**LISTED RECORDS:**
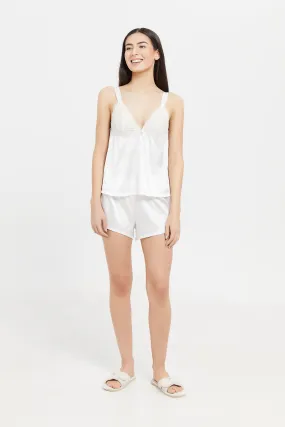 Women Ivory Satin And Lurex Cami Set (2 Piece)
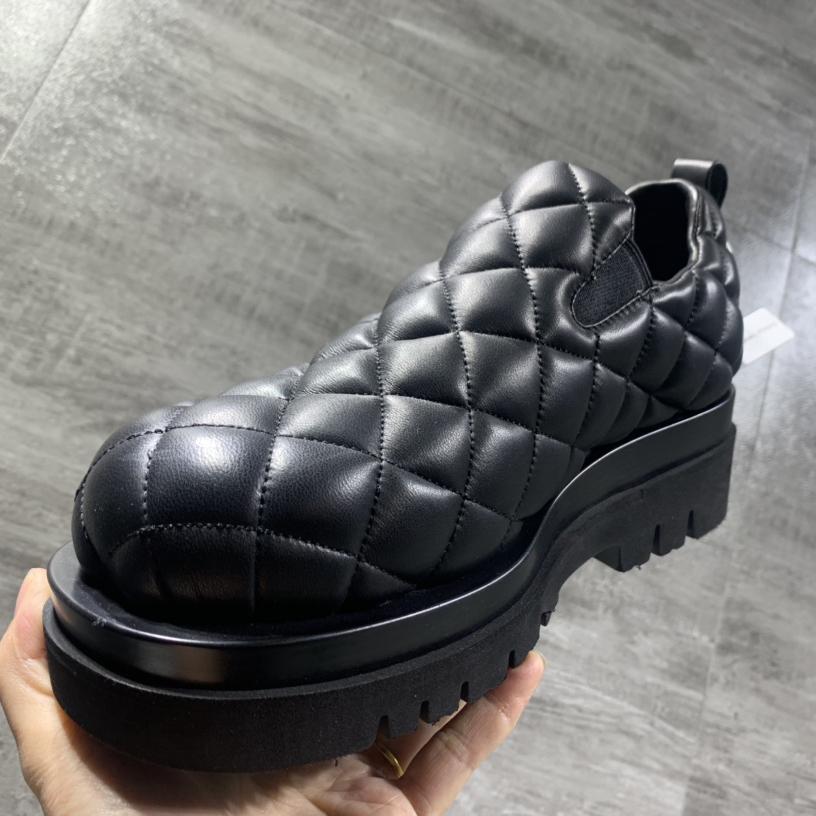 Bottega Veneta Men's Black Quilted Slip On Shoes - DopestKickz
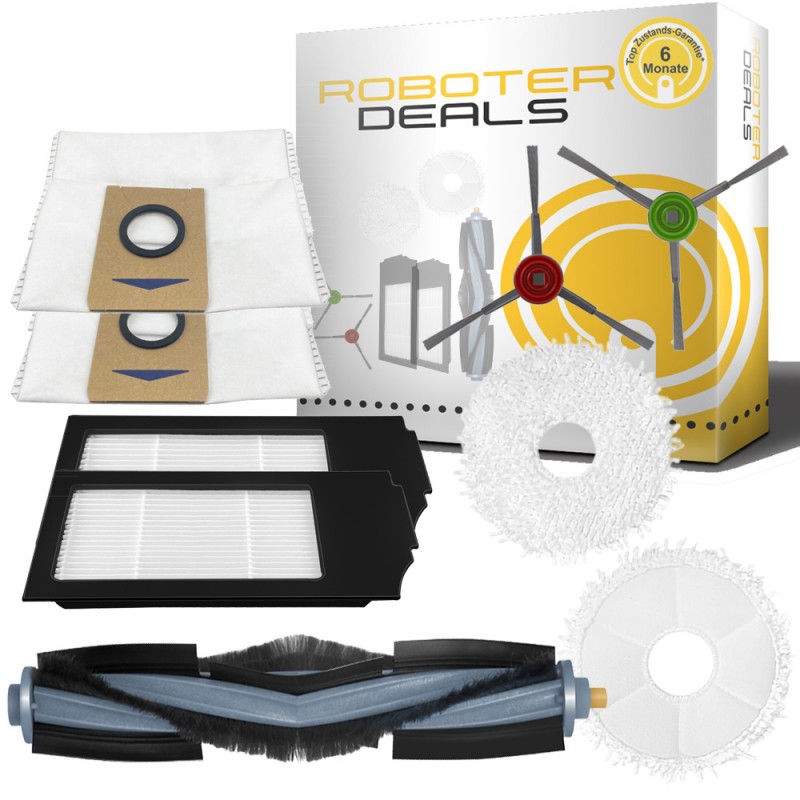 Zubehör Set, Ersatzteile Kit für Ecovacs Deebot X1 OMNI u. X1 Plus (1x HB, 2x SB, 2x Pad, 2x Filter, 2x Beutel)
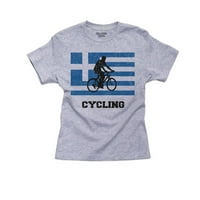 Grčka Olimpijsko - biciklizam - zastava - silueta Boy's Pamučna mladost siva majica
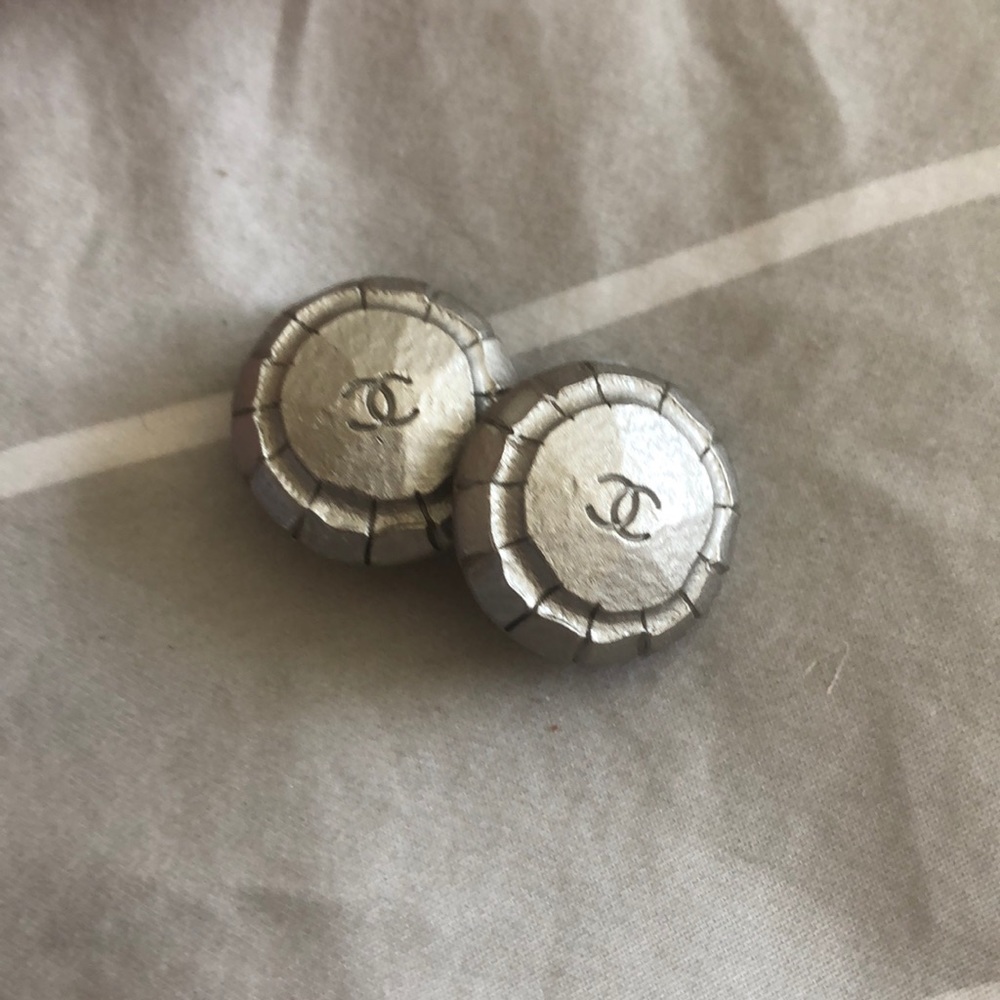 Chanel hammered silver clip on earrings.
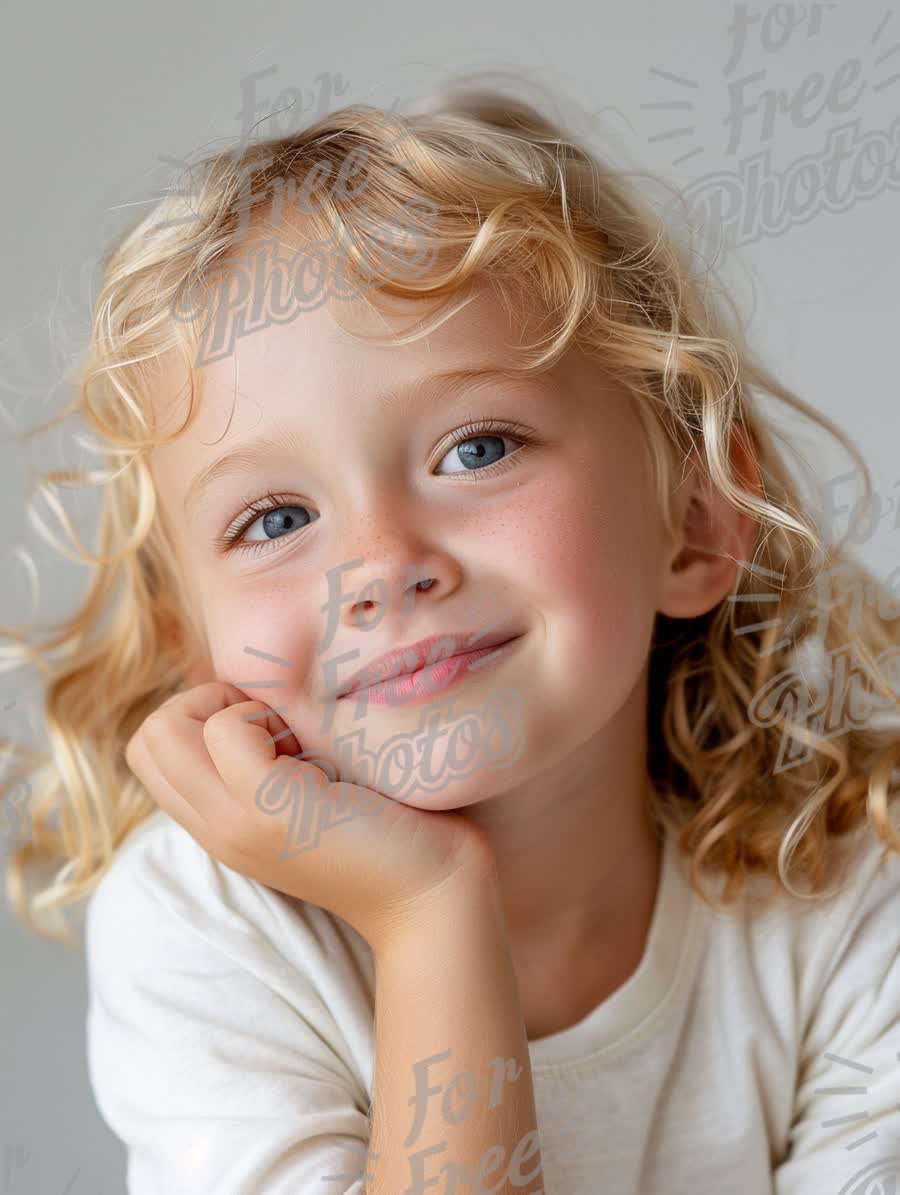 Charming Smiling Child with Curly Hair in Soft Natural Light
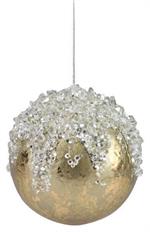 Gold Metallic with Beads Ball Ornament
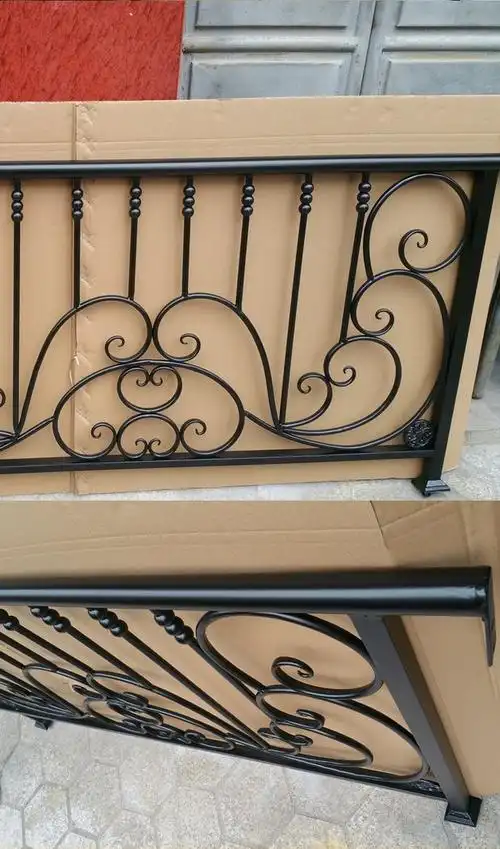 欧式铁艺楼梯扶手防护栏阁楼护栏走廊栏杆扶手 户外高档阳台围栏_双氙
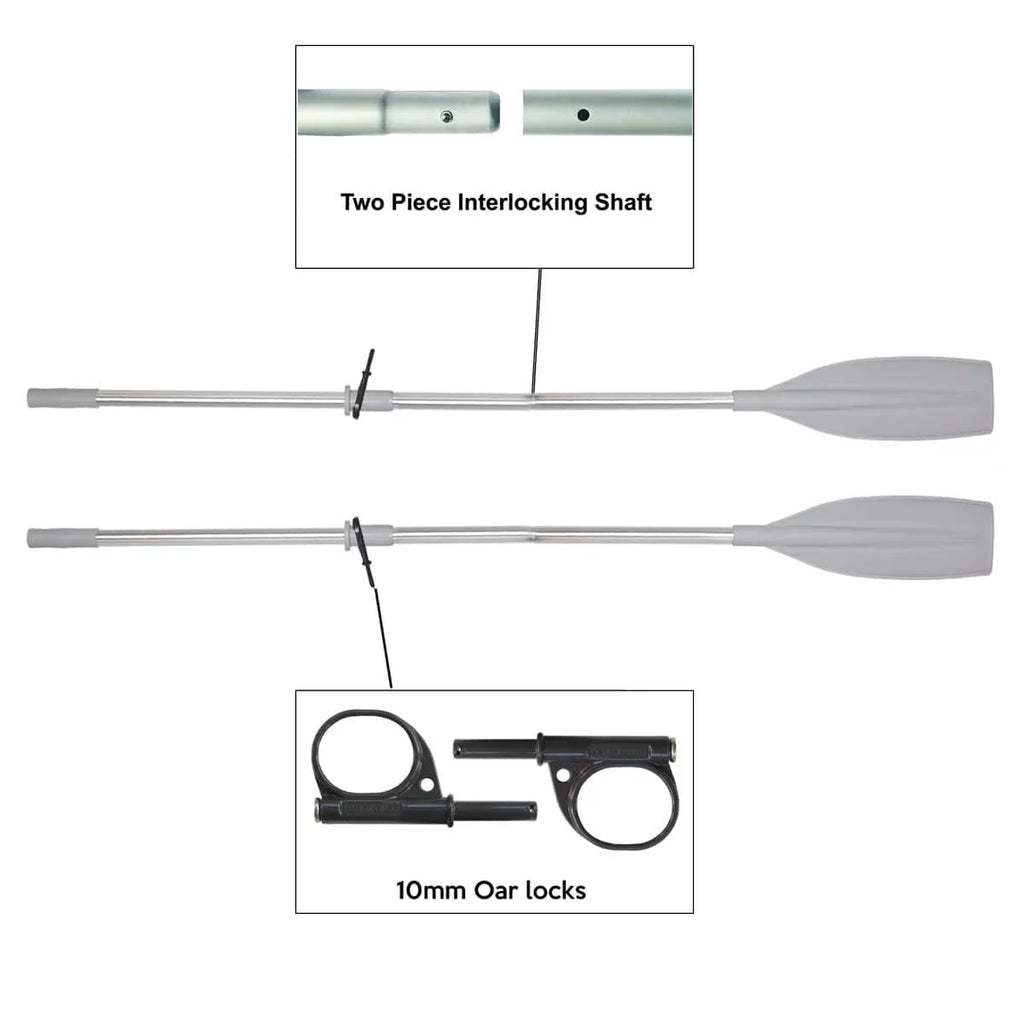 Detachable 6" Kayak - 2 Piece / 6' Stops Length Oars with Pair - - Locks Oceansouth Shaft - with Split Aluminum Canoe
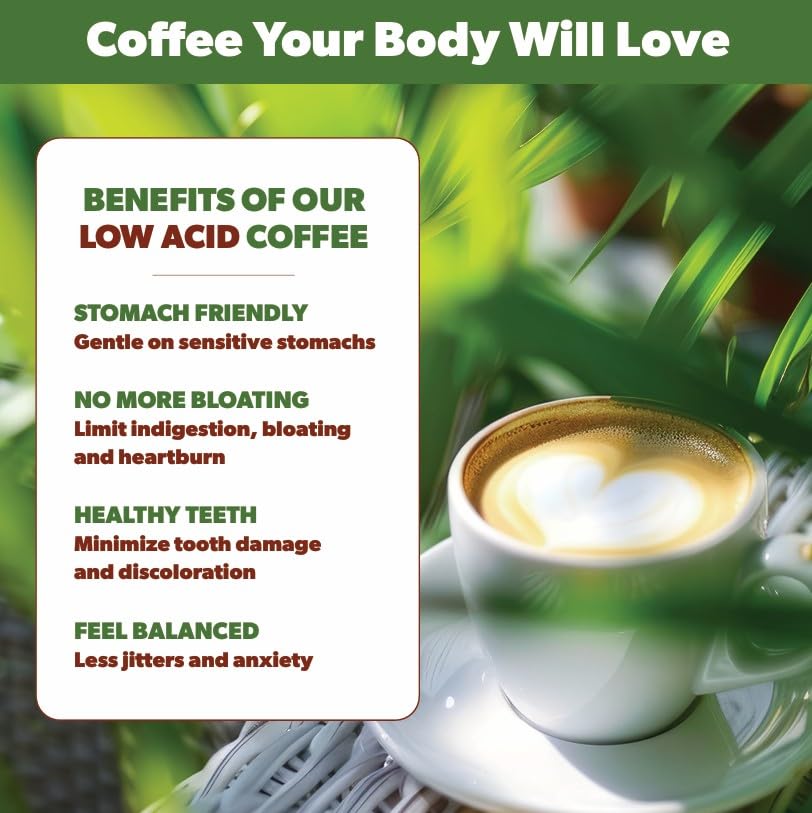 Low Acid Organic Coffee – Whole Bean, Mold-Free & Stomach Friendly by Java Planet, Guatemalan Single Origin Coffee, Medium Roast, Smooth Full Flavored, 2x1LB Bag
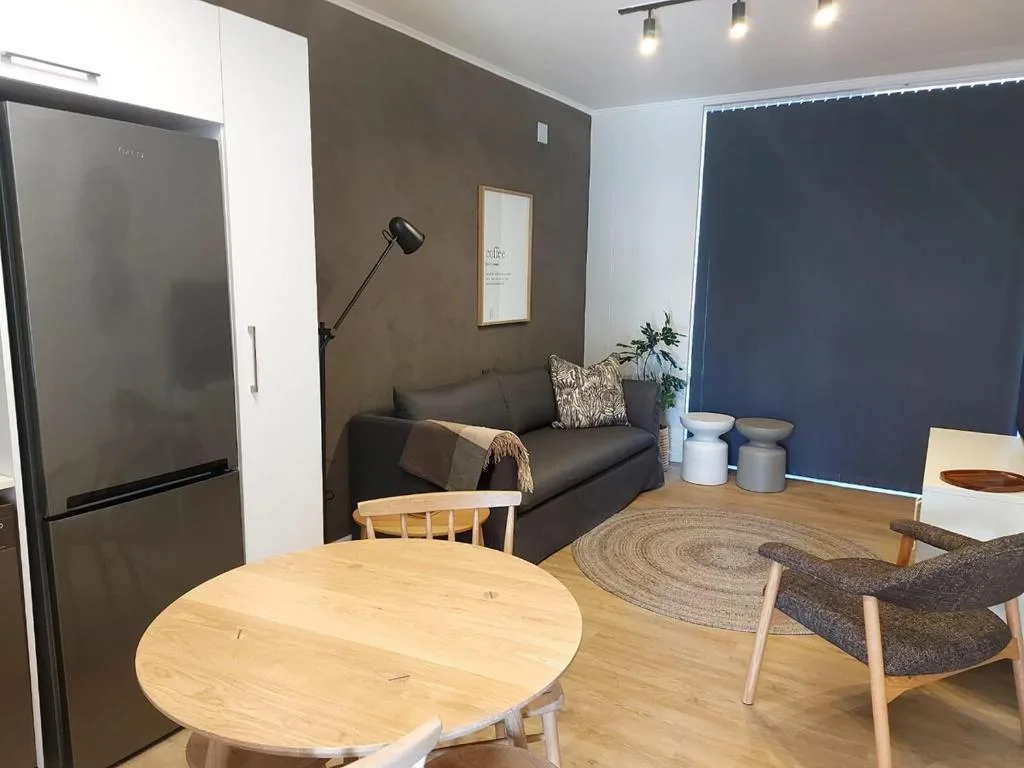 Open-plan living area with sofa, dining table, and modern kitchen appliances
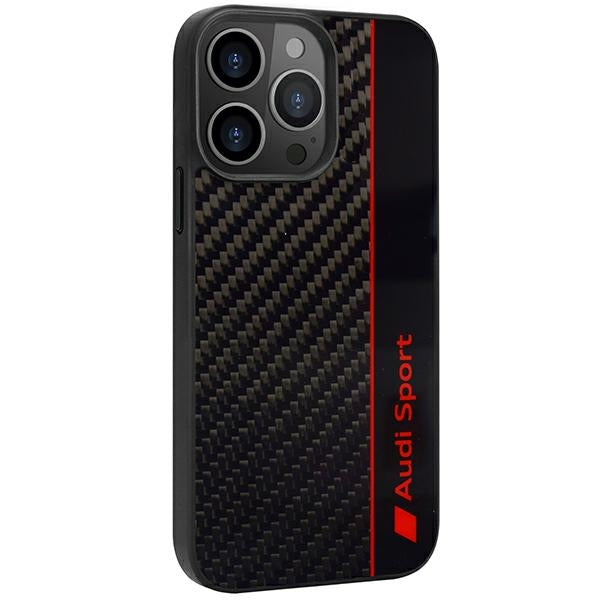 Audi Carbon Fiber Stripe iPhone 13 Pro / 13 6.1" black/black hardcase AUS-TPUPCIP13P-R8/D1-BK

**TASK STATEMENT:** Please output every record above exactly. Leave the pictures out.

**FINISHED TASK:**
 Women Ivory Satin And Lurex Cami Set (2 Piece)
 Bottega Veneta Men's Black Quilted Slip On Shoes - DopestKickz
 Zubehör Set, Ersatzteile Kit für Ecovacs Deebot X1 OMNI u. X1 Plus (1x HB, 2x SB, 2x Pad, 2x Filter, 2x Beutel)
 Grčka Olimpijsko - biciklizam - zastava - silueta Boy's Pamučna mladost siva majica
 Chanel hammered silver clip on earrings.
 Charming Smiling Child with Curly Hair in Soft Natural Light
 Gold Metallic with Beads Ball Ornament
 欧式铁艺楼梯扶手防护栏阁楼护栏走廊栏杆扶手 户外高档阳台围栏_双氙
 Detachable 6" Kayak - 2 Piece / 6' Stops Length Oars with Pair - - Locks Oceansouth Shaft - with Split Aluminum Canoe
 Low Acid Organic Coffee – Whole Bean, Mold-Free & Stomach Friendly by Java Planet, Guatemalan Single Origin Coffee, Medium Roast, Smooth Full Flavored, 2x1LB Bag
 Open-plan living area with sofa, dining table, and modern kitchen appliances
 Audi Carbon Fiber Stripe iPhone 13 Pro / 13 6.1" black/black hardcase AUS-TPUPCIP13P-R8/D1-BK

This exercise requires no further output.